停戦合意の内容も、どちらかが“勝った”というようなものではなく、ウクライナの一体性を望むキエフ政権と強い自治権を望む東部地域の両方を立てたものと言えるだろう。
また、キエフ政権が“テロリスト”と呼び続けた親露派戦闘員の処遇について、「両州の出来事に関与した人の刑事訴追を見送る法律を採択する」とはっきり示したことは和解に大きく資する。
「ウクライナ領土から違法な武装組織、兵器、雇い兵を撤収させる」という合意は、ロシアと米国(NATO及びキエフ政権)の両方にかかわる問題だから、名指しをしないで“清算”を行うという合意は妥当である。
転載する記事は、「欧米各国が重視するロシア軍兵士のウクライナ東部からの撤退もいつ実現するか不透明」とロシア軍関係者のウクライナからの早期撤退を望む姿勢を見せているが、今回のケースでは、和平交渉が決着するまで、ロシア関係者も米国関係者もとどまったほうが望ましいと考えている。
というのも、「欧州安保協力機構(OSCE)による停戦監視」は、どちらが停戦を破ったかという問題に言及することはできても、それぞれの武装勢力を抑え込む力はないからである。

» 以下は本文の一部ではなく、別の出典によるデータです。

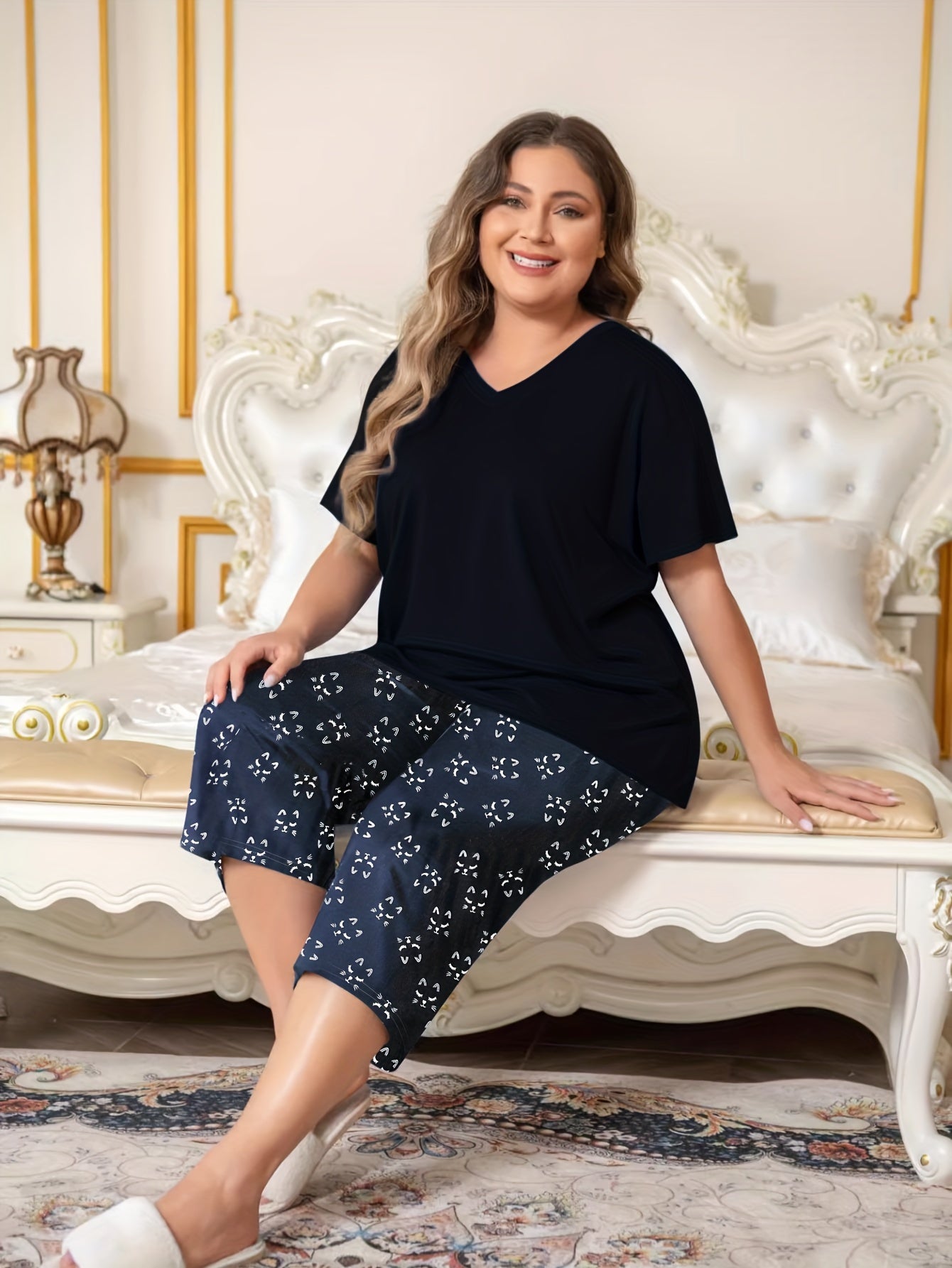 Women's Plus Casual Lounge Pajama Set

キエフ政権側の右派セクターを抑えられるのは米国軍事顧問団であり、親露勢力側の強硬独立派を抑えられるのはロシア特殊任務要員である。
残念なことだが、現時点で米露がウクライナから手を引けば、和平を嫌い武力で決着を付けたい“過激派”が再び撃ち始める可能性が高い。

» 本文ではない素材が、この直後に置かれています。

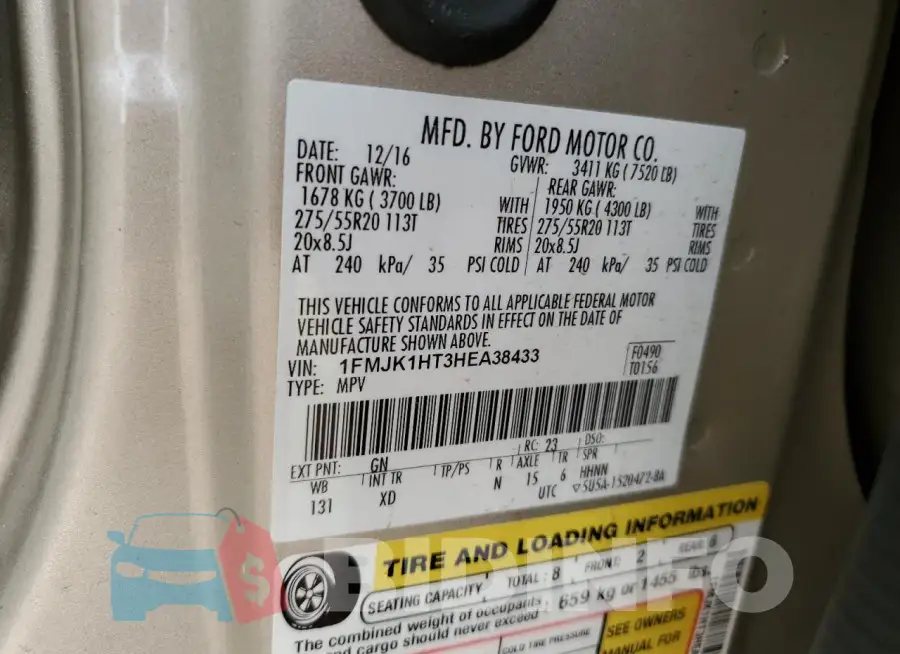 1FMJK1HT3HEA38433 Photo# 12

一般市民の生命や生活をズタズタにした5ヶ月間の“内戦”だったが、それでも、2000名〜2500名の犠牲者にとどまったのは、米露による軍事的コントロールがあったがゆえとも言える。
(ウクライナ軍を含む武装勢力の犠牲者が抑えられた分、とんでもないことに、一般市民が犠牲に捧げられることになった)
また、和平交渉と併行して、MH17便撃墜問題にきっちり決着を付けなければならない。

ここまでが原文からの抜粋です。